I did also have a brief play with the Canon 16-35 F2.8 Mk3 and to me it is just lens porn! I loved the build quality/handling and didn't care about the weight. However, on my 1DX, I could see no worthwhile IQ improvement - perhaps on a 5DsR/5D4 things may be different.

For practical purposes, at not too silly money, I believe the 16-35 F4 L IS to be the best of the bunch overall.

Just my 2p.


----------



## mariuspavel (Jan 27, 2018)

I've had 16-35 f/2.8 L II for two years. It is a good lens, great mechanic, not so good opticaly. Mushy in the corners even at f4. This is the reason I bought last year F4 IS. Very good opticaly, well mad like 24-70 f2.8/4 L


----------



## StoicalEtcher (Jan 27, 2018)

I can add to the recommendations for the 16-35 f/4 - it is an extremely good lens, very sharp and really well built too - think of it as an alternate to the f/2.8 rather than some cheaper option.

I had (& still have) the 17-40 and had MkII 16-35. For me, the f/4 is in a different league to both of those. The 17-40 is a lighter, and more modestly priced, item but once you use the 16-35 f/4, I don't think you'd look back.

I can't speak to the f/2.8 MkIII, but I think the f/4 is the best option of your choices. The only thing it can't do is shoot wider than f/4, so you just have to consider how often you would really want to shoot at f2.8? And if it is astro you're thinking of, there are better/faster primes you should look at.

Just my 2p.


----------



## Geek (Jan 29, 2018)

Personally, I don't have any of the 16-35 F2.8 versions and I don't think I would want one after using the 16-35 F4. Like the others have said unless you really need F2.8, you can't go wrong with the F4 version of the lens. It is a great sharp lens. I bought mine to take to Israel and Jordan last year.

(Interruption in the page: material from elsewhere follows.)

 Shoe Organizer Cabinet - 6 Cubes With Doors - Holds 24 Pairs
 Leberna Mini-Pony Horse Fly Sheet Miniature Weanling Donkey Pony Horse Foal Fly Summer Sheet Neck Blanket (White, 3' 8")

All I can say is impressive!


----------



## Act444 (Jan 31, 2018)

I can’t speak for the 17-40 but I found the 16-35 2.8 II to be an average lens at best. It was my first UWA, so while the range was cool, I never truly enjoyed the images I got out of that lens. I found the corner/off-center sharpness to be lacking. 

When the f4 IS came out, I traded in the old 2.8 for it. The IS and the vastly superior IQ more than made up for the loss of stop. I’d still have it now if it weren’t for a sweet deal on version III of the 2.8 (refurb) that I took advantage of a couple months ago...

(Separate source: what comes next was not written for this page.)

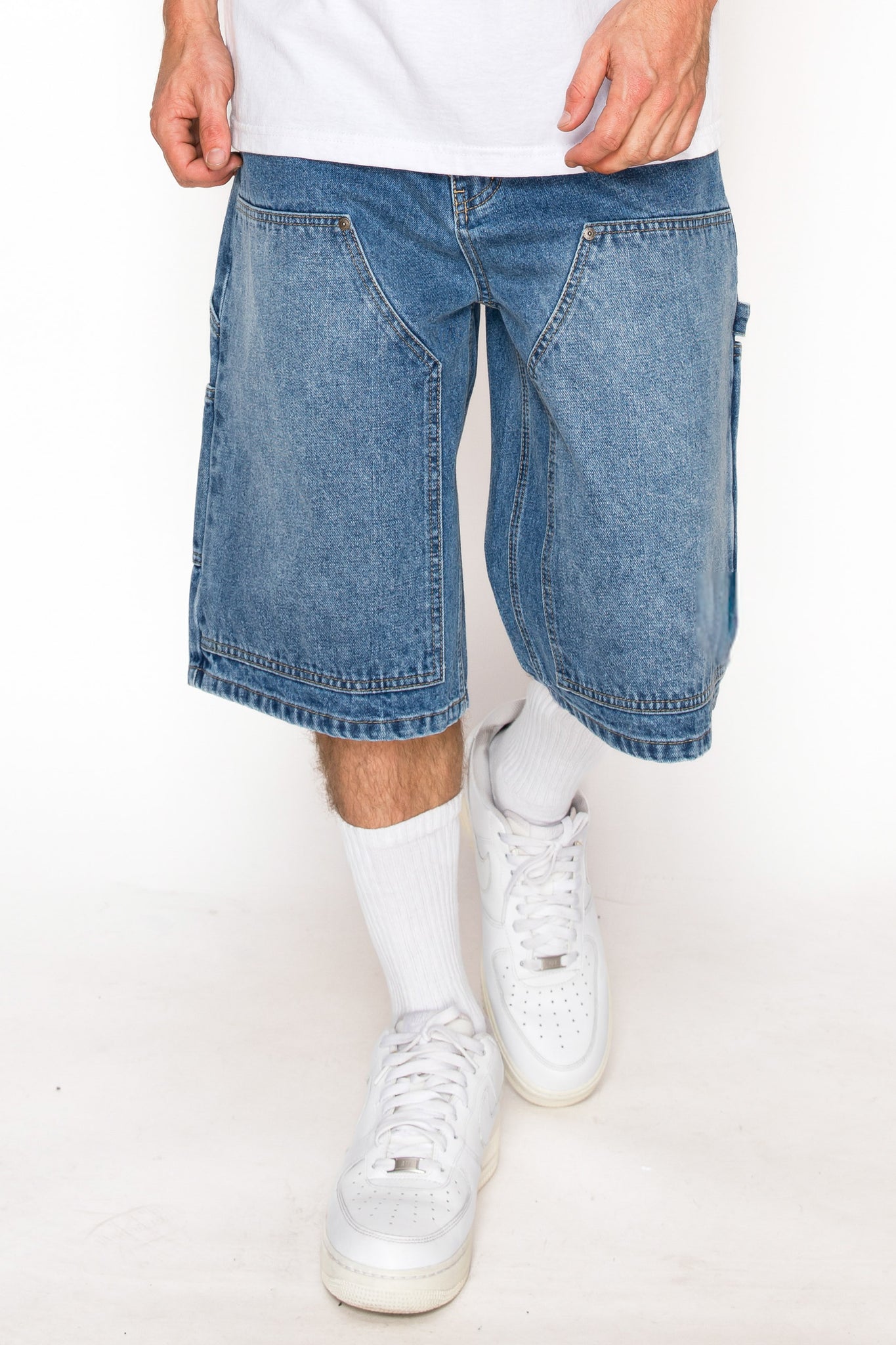 Baggy Fit Carpenter Denim Shorts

Unless you NEED f2.8, the f4 IS is the better lens (compared to 2.8 II) in every which way. IMO of course.


----------



## StoicalEtcher (Feb 2, 2018)

Act444 said:


> I can’t speak for the 17-40 but I found the 16-35 2.8 II to be an average lens at best. It was my first UWA, so while the range was cool, I never truly enjoyed the images I got out of that lens. I found the corner/off-center sharpness to be lacking.
> 
> When the f4 IS came out, I traded in the old 2.8 for it. The IS and the vastly superior IQ more than made up for the loss of stop. I’d still have it now if it weren’t for a sweet deal on version III of the 2.8 (refurb) that I took advantage of a couple months ago...
> 
> Unless you NEED f2.8, the f4 IS is the better lens (compared to 2.8 II) in every which way. IMO of course.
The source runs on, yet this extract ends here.